Posté par othoharmonie le 25 décembre 2013

 

pandaNo man’s land juridique

Reste que ces scènes ne sont pas prêtes de cesser tant que la Chine n’aura accepté de légiférer en la matière.

Il existe certes des privilégiés, comme les pandas. En septembre dernier, la Chine a annoncé en fanfare sa décision de rompre avec la coûteuse « diplomatie du panda ». Offerts comme cadeau aux dirigeants étrangers, ces derniers faisaient figure d’ambassadeurs de la Chine, jusqu’à ce que le pays n’ouvre les yeux sur leur menace d’extinction. La chasse illégale aux pandas est même punie de la peine de mort.

Mais inutile de se faire des illusions. Si le panda jouit d’un traitement d’exception, c’est uniquement parce qu’il est un symbole culturel lucratif.
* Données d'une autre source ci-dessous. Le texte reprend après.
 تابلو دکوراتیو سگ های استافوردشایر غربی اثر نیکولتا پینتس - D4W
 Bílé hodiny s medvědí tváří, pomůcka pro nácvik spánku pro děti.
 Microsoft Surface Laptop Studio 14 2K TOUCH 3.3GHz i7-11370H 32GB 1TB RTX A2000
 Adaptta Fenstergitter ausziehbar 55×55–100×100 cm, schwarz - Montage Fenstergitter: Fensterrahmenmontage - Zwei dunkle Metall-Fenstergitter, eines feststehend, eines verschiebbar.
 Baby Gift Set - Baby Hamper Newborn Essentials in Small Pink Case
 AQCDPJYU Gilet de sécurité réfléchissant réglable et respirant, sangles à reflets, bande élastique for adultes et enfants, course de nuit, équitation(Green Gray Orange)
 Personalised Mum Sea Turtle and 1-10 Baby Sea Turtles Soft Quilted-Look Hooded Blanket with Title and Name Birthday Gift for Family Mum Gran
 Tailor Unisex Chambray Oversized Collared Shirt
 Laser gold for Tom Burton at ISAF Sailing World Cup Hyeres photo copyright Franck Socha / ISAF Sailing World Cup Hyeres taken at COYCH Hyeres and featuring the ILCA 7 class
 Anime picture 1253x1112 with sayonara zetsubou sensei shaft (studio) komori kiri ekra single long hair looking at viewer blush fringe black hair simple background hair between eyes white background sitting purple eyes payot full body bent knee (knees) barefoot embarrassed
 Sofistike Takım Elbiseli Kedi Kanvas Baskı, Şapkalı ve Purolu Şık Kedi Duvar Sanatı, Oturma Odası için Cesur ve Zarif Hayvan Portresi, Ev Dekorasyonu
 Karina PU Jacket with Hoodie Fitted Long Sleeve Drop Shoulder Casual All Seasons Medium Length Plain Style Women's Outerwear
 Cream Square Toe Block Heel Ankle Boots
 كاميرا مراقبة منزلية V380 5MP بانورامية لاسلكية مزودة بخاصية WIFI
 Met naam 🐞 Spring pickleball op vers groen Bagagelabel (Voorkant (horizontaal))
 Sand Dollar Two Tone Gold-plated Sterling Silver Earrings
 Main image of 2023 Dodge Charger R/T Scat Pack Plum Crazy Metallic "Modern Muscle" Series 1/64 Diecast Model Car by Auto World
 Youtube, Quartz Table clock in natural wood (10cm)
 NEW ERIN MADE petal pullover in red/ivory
Pour les autres, en revanche, il n’existe aucune législation. En 2004, la Chine a bien proposé une loi de protection des animaux stipulant que « personne ne doit harceler, maltraiter ni blesser les animaux » et interdisant les combats d’animaux et les combats entre humains et animaux.

Mais le projet n’a pas fait long feu, la population n’étant pas jugée prête, ce qui n’avait pas empêché nombre de débats dans les médias chinois.

Dans le camp des opposants, Qiao Xinsheng, spécialiste en droit de l’Université Zhongnan Zhengfa de Wuhan, avait exprimé ainsi son avis :« Dès qu’on parle de droits des animaux, on parle d’argent (…) La Chine a tout simplement quitté le plateau quand les gens se sont demandé d’où ils allaient tirer leur prochain repas. Ils ne peuvent pas encore penser aux animaux. »

Une chose est sûre, les mauvais traitements à l’égard des animaux ne s’arrêtent pas à la porte du zoo. Le nombre grandissant d’associations de défense des animaux sur le sol chinois constitue néanmoins une petite lueur d’espoir. Réveil des consciences ? Encore trop tôt pour juger.